In ACX Series routers, OAM for VPLS is supported only on ACX5048, ACX5096, and ACX5448 routers.
IEEE 802.1ag OAM Connectivity Fault Management Overview
Ethernet interfaces on M7i and M10i routers with the Enhanced CFEB (CFEB-E) and on M120, M320, MX Series, T Series, and PTX Series routers support the IEEE 802.1ag standard for Operation, Administration, and Management (OAM). The IEEE 802.1ag specification provides for Ethernet connectivity fault management (CFM). The goal of CFM is to monitor an Ethernet network that may comprise one or more service instances. Junos OS supports IEEE 802.1ag connectivity fault management.
MX Series Virtual Chassis does not support distributed inline connectivity fault management.
ACX Series routers support CFM on aggregated Ethernet interfaces with continuity check interval of 100 milliseconds or higher.
OAM Connectivity Fault Management Overview
In Junos OS Release 9.3 and later, CFM also supports aggregated Ethernet interfaces. Connectivity fault management (CFM) sessions operate in distributed mode and are processed on the Flexible PIC Concentrator (FPC) on aggregated Ethernet interfaces. As a result, graceful Routing Engine switchover (GRES) is supported on aggregated Ethernet interfaces. In releases before Junos OS Release 13.3, CFM sessions operate in centralized mode and are processed on the Routing Engine. However, CFM sessions are not supported on aggregated Ethernet interfaces if the interfaces that form the aggregated Ethernet bundle are in mixed mode. CFM sessions with a continuity check message (CCM) interval of 10 milliseconds are not supported over aggregated Ethernet interfaces.

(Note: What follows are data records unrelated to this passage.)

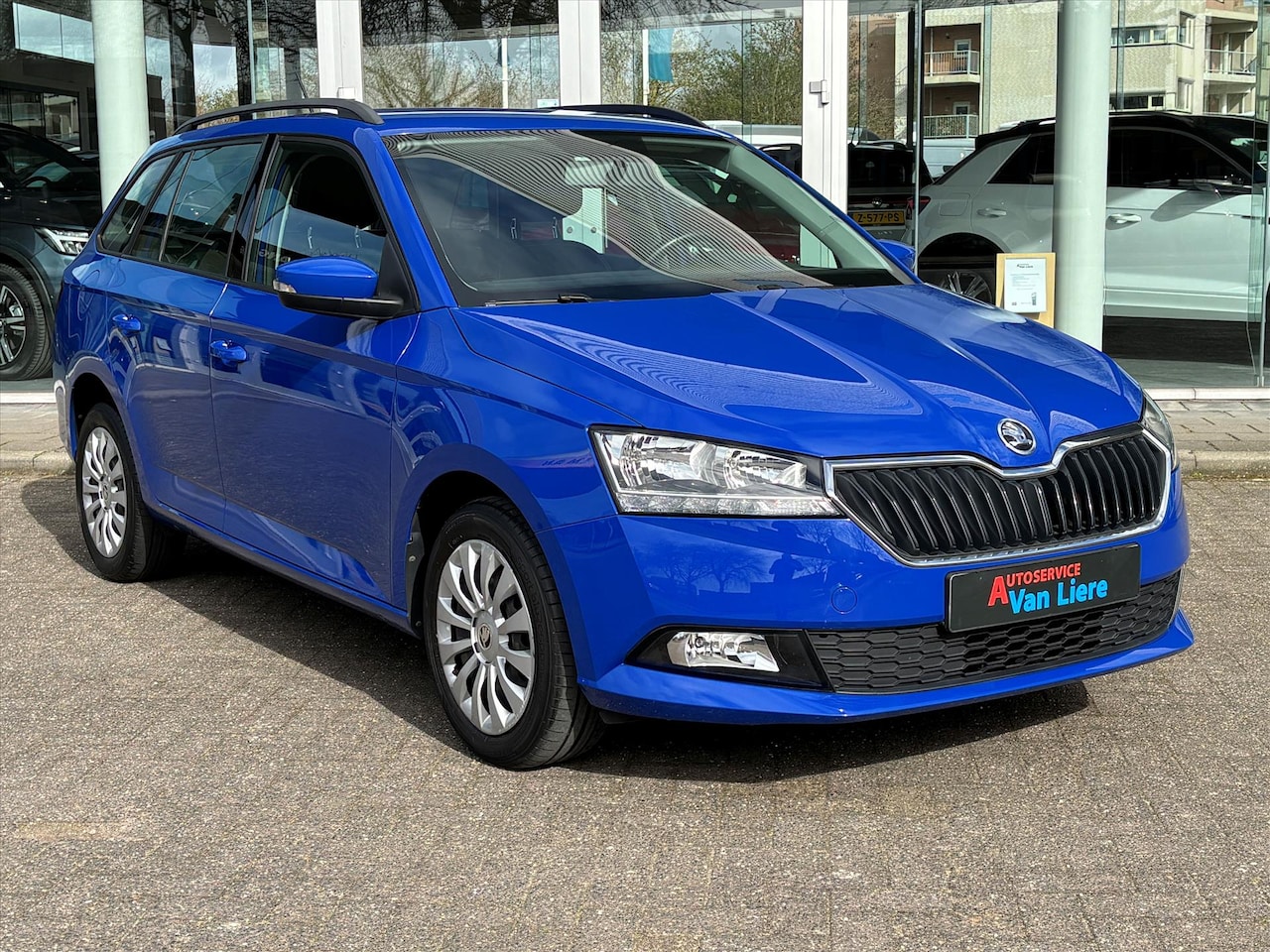 Skoda Fabia Combi - 1.0 TSI 95pk Ambition| Carplay|Cruise|1e Eigenaar| rijklaarprijs incl garantie - AutoWereld.nl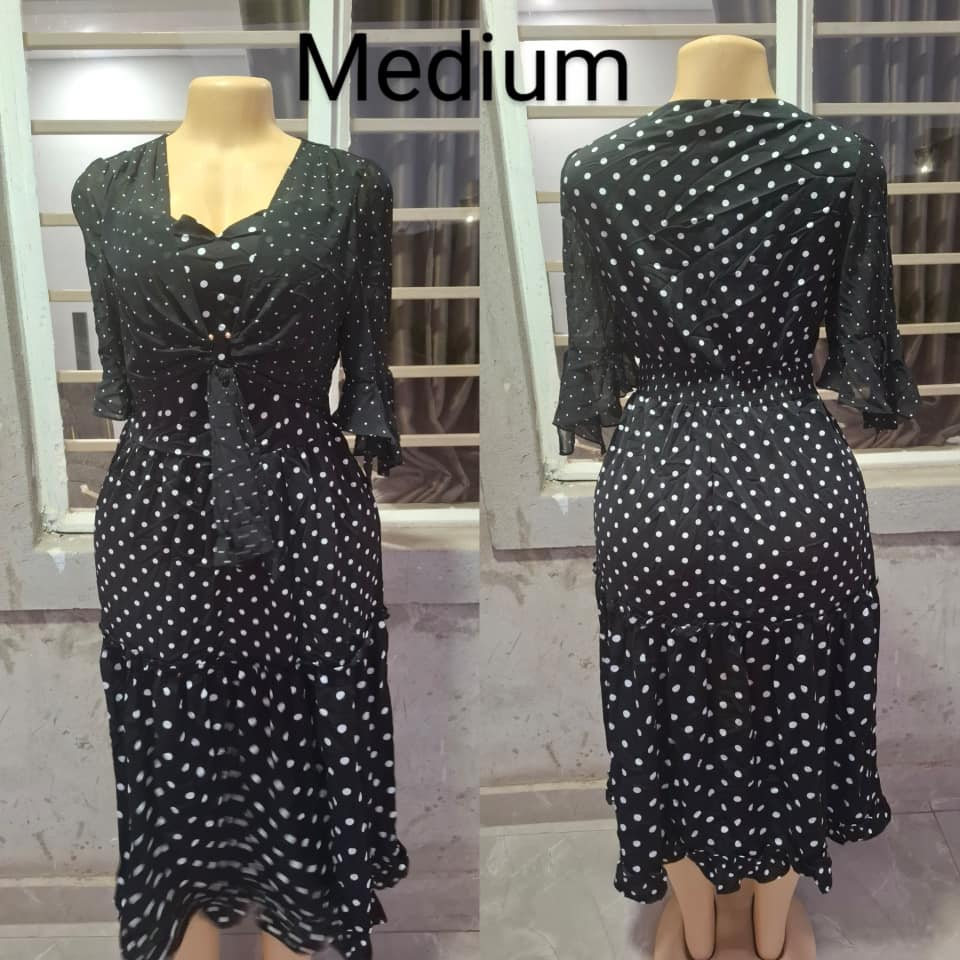 Robe noir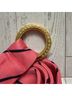 Ralph Lauren 100% Polyester Stripes Pink Belt One size - photo 3
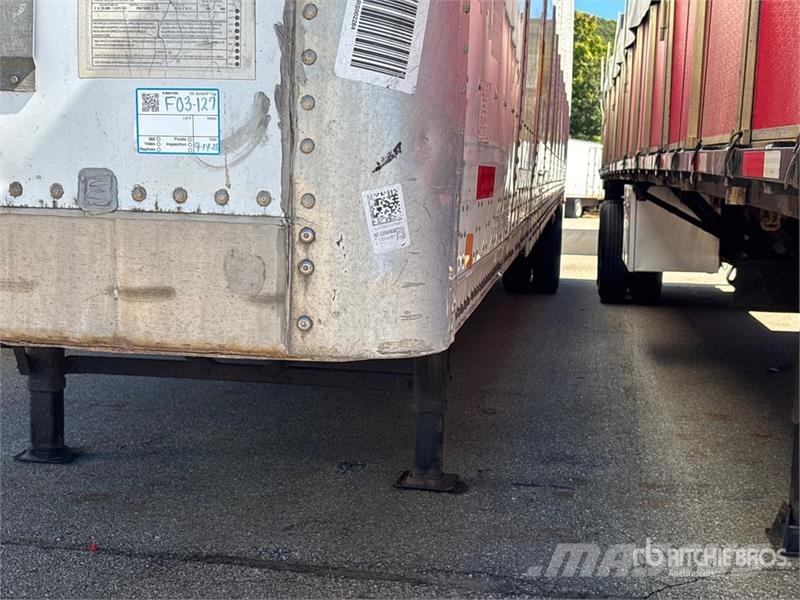 Wabash DVCVHPC 53 ft x 102 in T/A Van Trailer 箱體拖車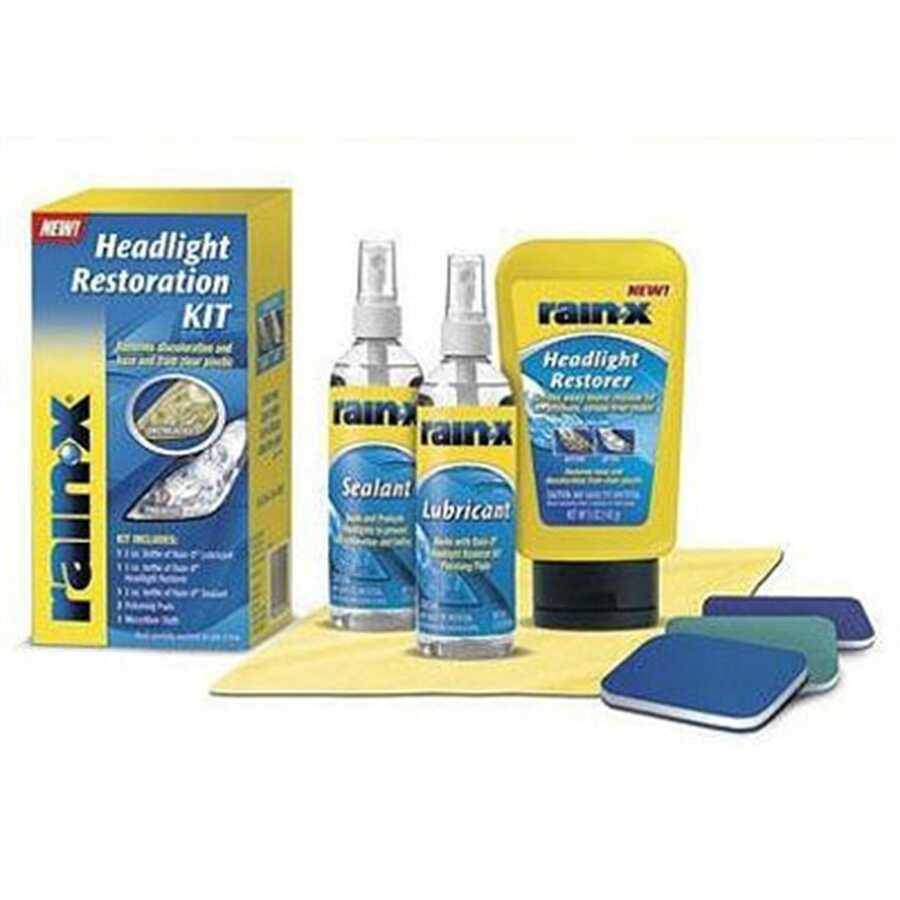 Rain X Headlight Rest Kit 6pk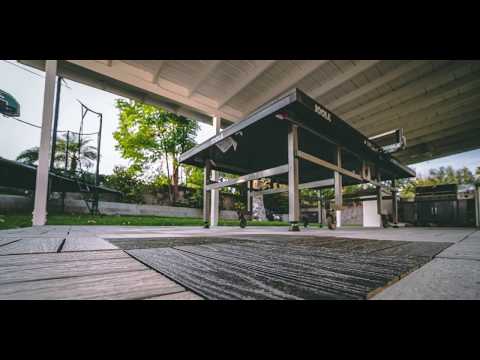 NewTechWood Tony Besson Deck Tile Install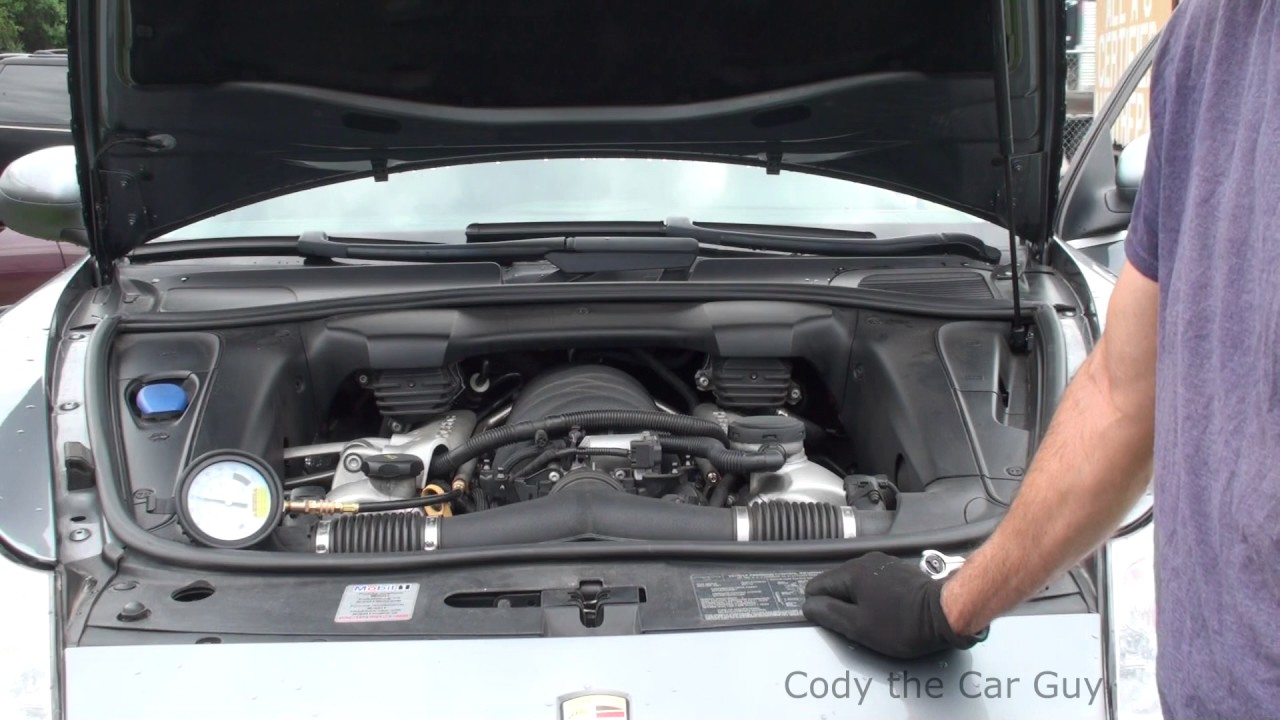 Porsche Cayenne Starts Up Then Stalls Simple And Easy Way To Check It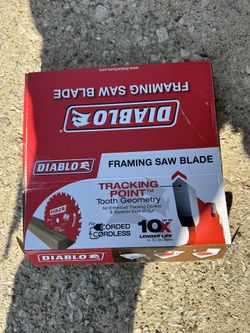 Diablo Saw Blade 50$
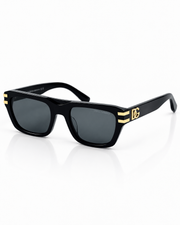 Dolce & Gabbana – 4496 - 54 – Black – Acetate - Sunglasses – Unisex - Premium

CFM sessions are distributed by default. All CFM sessions must operate in either only distributed or only centralized mode. A mixed operation of distributed and centralized modes for CFM sessions is not supported. To disable the distribution of CFM sessions on aggregated Ethernet interfaces and make the sessions operate in centralized mode, include the no-aggregate-delegate-processing statement at the [edit protocols oam ethernet connectivity-fault-management] hierarchy level.
As a requirement for Ethernet OAM 802.1ag to work, distributed periodic packet management (PPM) runs on the Routing Engine and Packet Forwarding Engine. You can only disable PPM on the Packet Forwarding Engine. To disable PPM on the PFE, include the ppm no-delegate-processing statement at the [edit routing-options ppm] hierarchy level.
CFM sessions are supported on aggregated Ethernet interfaces if the interfaces that form the aggregated Ethernet bundle are in mixed mode when the no-aggregate-delegate-processing command is enabled.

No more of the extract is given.